Joakim Daal’s debut single, “Shelter” is fragile, yet warmly familiar
Joakim Daal grew up in the suburbs of New York with his Finnish parents. And although he studied jazz and classical music in his youth, he only began to consider creating music of his own after moving to Montréal in the early 2010’s for university.
In Montréal, Daal became acquainted with the burgeoning DIY pop community that had grown around the Lab Synthèse art collective. Experiencing this vastly diverse approach to self-expression, Daal was able to break free from his preconceived notions of music and art and begin to experiment with creating his own meaningful aesthetic experiences. After years of patiently brewing, this inspiration finally takes form in Daal’s debut single, “Shelter.”
“Shelter” effortlessly combines experimental jazz with elements of more mainstream indie. It’s as if Chet Baker, Bon Iver and Erlend Øye got together one late night and started thinking about ways that they could mix their sounds. “Shelter” offers a fragile, yet warmly familiar melody which is supported by the pulse of a sophisticatedly off-kilter rhythm.

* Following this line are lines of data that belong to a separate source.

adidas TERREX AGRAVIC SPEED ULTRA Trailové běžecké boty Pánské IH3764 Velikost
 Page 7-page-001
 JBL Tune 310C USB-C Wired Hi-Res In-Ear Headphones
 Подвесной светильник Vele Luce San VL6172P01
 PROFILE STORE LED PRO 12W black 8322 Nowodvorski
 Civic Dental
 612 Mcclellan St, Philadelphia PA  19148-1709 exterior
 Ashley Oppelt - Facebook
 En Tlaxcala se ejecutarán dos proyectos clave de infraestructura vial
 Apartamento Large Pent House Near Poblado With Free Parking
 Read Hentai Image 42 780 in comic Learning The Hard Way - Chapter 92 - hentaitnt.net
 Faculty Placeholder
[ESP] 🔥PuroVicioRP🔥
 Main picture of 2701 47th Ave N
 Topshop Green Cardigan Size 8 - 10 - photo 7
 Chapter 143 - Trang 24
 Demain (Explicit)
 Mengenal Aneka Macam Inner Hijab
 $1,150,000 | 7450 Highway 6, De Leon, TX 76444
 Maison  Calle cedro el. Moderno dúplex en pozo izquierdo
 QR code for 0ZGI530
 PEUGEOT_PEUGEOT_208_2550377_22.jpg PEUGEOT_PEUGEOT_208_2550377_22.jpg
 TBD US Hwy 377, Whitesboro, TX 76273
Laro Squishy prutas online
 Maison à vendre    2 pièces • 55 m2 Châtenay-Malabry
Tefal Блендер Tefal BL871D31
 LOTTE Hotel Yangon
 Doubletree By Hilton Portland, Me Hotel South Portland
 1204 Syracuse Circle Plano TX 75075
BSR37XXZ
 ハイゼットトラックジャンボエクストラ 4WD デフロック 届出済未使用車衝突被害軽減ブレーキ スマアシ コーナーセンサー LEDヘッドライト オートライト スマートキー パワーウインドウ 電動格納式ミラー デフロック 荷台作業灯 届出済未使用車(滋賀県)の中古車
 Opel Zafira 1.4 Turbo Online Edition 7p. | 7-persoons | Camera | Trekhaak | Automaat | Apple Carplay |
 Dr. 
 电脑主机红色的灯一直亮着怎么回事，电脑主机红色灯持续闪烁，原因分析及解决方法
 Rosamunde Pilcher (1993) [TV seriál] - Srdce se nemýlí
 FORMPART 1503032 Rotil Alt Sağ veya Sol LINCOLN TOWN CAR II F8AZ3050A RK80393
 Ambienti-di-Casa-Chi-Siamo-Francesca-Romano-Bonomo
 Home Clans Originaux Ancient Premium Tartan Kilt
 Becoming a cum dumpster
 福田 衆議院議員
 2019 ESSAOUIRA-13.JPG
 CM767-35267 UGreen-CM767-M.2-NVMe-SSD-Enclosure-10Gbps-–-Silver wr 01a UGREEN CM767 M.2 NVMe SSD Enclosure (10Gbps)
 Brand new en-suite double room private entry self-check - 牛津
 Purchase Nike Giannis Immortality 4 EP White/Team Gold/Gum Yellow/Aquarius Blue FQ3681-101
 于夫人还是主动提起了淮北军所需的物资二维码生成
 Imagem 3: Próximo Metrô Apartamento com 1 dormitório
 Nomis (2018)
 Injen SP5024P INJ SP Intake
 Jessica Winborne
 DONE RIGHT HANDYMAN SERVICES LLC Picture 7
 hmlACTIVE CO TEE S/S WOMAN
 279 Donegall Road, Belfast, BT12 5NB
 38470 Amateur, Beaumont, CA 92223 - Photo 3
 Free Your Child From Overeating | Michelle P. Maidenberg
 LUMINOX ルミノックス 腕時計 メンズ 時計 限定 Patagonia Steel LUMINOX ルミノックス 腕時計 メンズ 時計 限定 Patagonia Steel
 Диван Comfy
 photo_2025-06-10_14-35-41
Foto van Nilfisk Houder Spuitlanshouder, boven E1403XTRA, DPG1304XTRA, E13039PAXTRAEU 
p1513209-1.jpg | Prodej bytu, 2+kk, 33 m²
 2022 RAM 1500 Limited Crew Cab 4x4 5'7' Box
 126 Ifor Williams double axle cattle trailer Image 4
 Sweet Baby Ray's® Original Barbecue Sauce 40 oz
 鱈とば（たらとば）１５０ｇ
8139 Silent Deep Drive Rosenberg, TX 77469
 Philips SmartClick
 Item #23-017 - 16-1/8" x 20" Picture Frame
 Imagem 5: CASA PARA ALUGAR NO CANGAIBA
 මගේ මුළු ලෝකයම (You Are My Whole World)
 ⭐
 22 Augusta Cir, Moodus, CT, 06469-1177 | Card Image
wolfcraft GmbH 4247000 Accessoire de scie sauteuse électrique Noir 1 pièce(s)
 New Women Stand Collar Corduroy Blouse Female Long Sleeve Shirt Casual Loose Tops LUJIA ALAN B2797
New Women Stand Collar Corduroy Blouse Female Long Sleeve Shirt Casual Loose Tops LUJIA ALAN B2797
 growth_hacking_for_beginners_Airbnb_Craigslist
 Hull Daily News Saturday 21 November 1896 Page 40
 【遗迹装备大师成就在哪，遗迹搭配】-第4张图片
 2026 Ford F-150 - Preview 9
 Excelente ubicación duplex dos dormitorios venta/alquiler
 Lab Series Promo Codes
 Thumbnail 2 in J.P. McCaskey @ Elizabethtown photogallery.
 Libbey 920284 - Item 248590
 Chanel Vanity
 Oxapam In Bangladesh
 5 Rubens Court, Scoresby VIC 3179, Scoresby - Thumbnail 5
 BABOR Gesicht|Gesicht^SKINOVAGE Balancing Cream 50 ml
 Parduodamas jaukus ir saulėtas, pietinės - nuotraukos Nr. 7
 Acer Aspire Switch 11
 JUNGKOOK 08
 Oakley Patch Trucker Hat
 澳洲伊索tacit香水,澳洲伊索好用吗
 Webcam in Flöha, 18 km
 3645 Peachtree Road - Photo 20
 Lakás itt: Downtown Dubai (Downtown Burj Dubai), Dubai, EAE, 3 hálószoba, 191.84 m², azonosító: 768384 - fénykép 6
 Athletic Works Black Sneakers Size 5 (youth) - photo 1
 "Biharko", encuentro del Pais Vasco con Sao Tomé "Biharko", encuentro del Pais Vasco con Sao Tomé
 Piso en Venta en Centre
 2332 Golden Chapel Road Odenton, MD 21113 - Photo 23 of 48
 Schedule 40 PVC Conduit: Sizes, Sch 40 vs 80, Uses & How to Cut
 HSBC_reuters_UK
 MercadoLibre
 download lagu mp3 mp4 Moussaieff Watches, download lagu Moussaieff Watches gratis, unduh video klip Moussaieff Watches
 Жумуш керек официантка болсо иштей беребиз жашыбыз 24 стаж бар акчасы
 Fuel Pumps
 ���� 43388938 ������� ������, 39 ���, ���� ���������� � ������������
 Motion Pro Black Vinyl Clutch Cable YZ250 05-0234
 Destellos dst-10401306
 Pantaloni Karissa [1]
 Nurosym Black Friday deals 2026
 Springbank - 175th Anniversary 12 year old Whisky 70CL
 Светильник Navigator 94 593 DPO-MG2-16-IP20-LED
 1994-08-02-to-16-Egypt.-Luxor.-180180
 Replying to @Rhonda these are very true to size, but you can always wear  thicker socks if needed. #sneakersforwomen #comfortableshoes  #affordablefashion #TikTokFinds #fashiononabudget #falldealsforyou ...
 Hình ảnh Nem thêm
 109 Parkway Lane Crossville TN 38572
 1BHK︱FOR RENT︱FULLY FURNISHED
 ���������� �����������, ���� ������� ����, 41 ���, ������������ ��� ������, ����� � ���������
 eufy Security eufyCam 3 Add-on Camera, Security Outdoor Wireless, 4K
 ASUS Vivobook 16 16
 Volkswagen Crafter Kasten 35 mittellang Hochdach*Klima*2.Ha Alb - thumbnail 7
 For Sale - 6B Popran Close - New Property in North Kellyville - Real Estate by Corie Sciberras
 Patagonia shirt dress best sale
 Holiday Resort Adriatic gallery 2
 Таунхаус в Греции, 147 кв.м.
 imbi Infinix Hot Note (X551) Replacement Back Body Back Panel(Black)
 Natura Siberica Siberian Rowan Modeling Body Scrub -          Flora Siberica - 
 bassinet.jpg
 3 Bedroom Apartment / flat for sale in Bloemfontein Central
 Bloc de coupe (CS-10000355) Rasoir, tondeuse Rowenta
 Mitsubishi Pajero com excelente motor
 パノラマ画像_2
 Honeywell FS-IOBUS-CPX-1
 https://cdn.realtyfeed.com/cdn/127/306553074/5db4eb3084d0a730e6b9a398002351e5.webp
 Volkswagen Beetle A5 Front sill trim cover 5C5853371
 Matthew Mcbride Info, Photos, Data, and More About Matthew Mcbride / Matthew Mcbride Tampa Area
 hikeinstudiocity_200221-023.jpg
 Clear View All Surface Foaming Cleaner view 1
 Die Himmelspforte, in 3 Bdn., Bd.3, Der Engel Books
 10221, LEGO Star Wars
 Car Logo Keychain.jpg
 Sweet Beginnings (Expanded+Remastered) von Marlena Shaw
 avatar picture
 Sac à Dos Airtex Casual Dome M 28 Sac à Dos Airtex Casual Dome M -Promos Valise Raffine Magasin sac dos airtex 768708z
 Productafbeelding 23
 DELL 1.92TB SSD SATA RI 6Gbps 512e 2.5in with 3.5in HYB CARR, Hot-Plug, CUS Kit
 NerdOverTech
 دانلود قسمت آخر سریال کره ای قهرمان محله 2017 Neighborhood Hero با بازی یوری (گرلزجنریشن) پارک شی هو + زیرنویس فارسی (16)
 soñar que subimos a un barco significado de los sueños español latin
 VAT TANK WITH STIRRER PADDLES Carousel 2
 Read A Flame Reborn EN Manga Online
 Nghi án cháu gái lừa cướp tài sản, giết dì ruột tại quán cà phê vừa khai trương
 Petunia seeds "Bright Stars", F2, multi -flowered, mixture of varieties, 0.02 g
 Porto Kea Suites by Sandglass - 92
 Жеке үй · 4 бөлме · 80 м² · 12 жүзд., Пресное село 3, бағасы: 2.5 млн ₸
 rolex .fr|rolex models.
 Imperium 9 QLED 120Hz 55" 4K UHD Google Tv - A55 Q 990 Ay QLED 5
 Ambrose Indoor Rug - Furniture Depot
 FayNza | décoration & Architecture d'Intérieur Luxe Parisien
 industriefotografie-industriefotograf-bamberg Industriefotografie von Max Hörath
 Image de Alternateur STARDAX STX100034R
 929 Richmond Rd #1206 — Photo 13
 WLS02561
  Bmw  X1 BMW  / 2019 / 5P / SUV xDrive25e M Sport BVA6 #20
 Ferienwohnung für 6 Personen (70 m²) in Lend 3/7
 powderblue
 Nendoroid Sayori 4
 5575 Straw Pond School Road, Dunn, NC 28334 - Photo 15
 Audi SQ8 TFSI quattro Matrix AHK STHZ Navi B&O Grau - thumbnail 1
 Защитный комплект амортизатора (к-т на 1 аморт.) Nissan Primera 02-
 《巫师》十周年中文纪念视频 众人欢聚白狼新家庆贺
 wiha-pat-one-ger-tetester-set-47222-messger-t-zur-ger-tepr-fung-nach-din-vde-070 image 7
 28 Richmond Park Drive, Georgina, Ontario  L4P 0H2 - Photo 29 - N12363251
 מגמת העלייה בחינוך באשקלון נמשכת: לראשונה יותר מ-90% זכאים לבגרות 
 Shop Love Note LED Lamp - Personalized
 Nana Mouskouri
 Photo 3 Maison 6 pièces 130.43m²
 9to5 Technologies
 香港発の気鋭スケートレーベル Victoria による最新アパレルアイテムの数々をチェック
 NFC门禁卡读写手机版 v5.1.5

“The song explores the confines of the intimate, sometimes difficult yet expansive world that two people can create with the passing of enough time,” explains Daal when talking about the single. “It’s a world where alternately the smallest aggravations can snowball into a barely contained torrent while the most tectonic shifts and difficult events that test the foundations, ultimately solidify this world and perhaps even dissipate.”
“Shelter” was written, produced and recorded by Daal himself, mixed by Jarno Takkumäki (the artist behind Lac Belot) and mastered by the multiple Grammy Award winning Greg Calbi and Steve Fallone. The drums feature The Holy band’s Eero Jääskeläinen while the layered woodwinds were performed by the saxophonist, Jussi Hurskainen.